Imagine a teeter totter (or seesaw, if you will). One one side, sits a technical security practitioner. On the other side, sits a person with advanced skills in changing behaviors and community engagement. In order for the teeter totter to stay level, each person needs to have equal experience, or one needs to move further to the center to achieve the desired equilibrium. If one level of experience too demonstrably outweighs the other, the right balance of talent won't be achieved.
Talent for what? The oft-misunderstood role of the security awareness professional.
Security awareness at its most basic level is the act of applying technical security knowledge to programs and activities that raise the awareness -- and diminish risky behaviors -- of employees within a given organization. This includes everything from phishing and password test programs, to community engagement with educated practitioners teaching less security savvy users how to change their behavior to better secure protect themselves or their companies.
It's long been stated that security is not convenient, and for many years cybersecurity teams were challenged with addressing the human element of security risk (patch your systems! change your passwords! no, that is not a real email from George Clooney!) while also trying to create a secure infrastructure that defends the organization from external attackers. While the challenge of insider threats is real and malicious employees do exist, there's an equal chance that human faux pas creates a significant risk -- whether it be someone losing a device, clicking on a malicious link, or emailing the wrong file to the wrong person.
Hence the importance of security awareness programs.
According to Masha Sedova, co-founder of Elevate Security, and former trust engagement leader at Salesforce, a good awareness program gets feedback from the rest of the security organization into what the top people-centric risks are for the company and, then creates an effective campaign to address those risks.
"Security awareness was initially started about 10 years ago with the advent of regulation and compliance requirements," Sedova said. "Unfortunately, they were designed with the wrong question in mind.
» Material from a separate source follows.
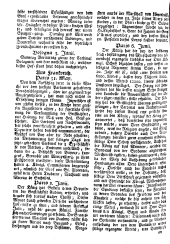 Wiener Zeitung 17550621 Seite: 2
They ask 'show me how many people have taken your training.' Instead they should have asked 'show me metrics that your program yields improvement in X behavior.' The companies leading the charge in the awareness space today are creating their programs around this question."
This leads back to the discussion around the right balance of talent for creating these programs. According to the SANS 2016 report on security awareness, more than 80 percent of security awareness personnel have a technical background, but also need soft skills such as communications, change management, learning theory, and behavior modeling, in order to be most effective.
The report calls out one option to address this gap: Adding a communications professional to the security awareness team. Although not wrong, this is a tricky one. While facets of marketing and communications expertise are helpful for many teams, as represented in the soft skills written above, the old adage applies: "you can't secure what you don't see." And if you don't have a firm understanding of security, and how risk can be created by humans and how such risk tracks back to security technology and implementation, marketing and communications skills alone cannot create the robustness required for a security awareness team.
In fact, too much of a focus on the communications elements of the security awareness role can somewhat water down its criticality. While communications programs, educational events, community dialogue and networking are important components, security awareness programs are not built on this kind of skill. These are just merely channels for influencing more people to understand their part in securing their organizations, or their communities at large.
"Most marketing people can't identify the underlying behaviors that need most focus, and unfortunately most technology-focused security people aren't great at that either," Sedova said. "Security folks will say 'employees need to be less dumb' which is hard to measure and drive a specific campaign for. And marketing people will say 'don't click on phishing links' but can't spend the time to explain why an employee should care about not clicking on phishing links and how it connects to a bigger picture. A good security awareness practitioner can bridge both skills sets."
The other component in achieving the proper torque in the seesaw, is ensuring there are resources available to fuel these security awareness programs. They are must-haves as much as basic security programs are themselves. According to the same SANS security awareness report, more than 50 percent of security awareness professionals survive on a budget of less than $5,000, or those professionals are not able to dedicate all of their time to awareness. The report also says that the amount of support is relative to the maturity of a security awareness program, so a focus on education, the human actor, and demonstrable metrics is crucial.
Corporate support, whether it be freeing up budget or resources, for security awareness programs and professionals is a must-have, as they need to scale as their organizations do.
"What needs to happen are programs that can create and educate local security champions throughout the organization," Sedova said. "This includes subjects such as secure coding, vulnerability identification and remediation, and threat sharing. These programs are great areas for security awareness practitioners to partner with security subject matter experts and create effective programs that scale. Overtime, I hope to see this happening more in this field."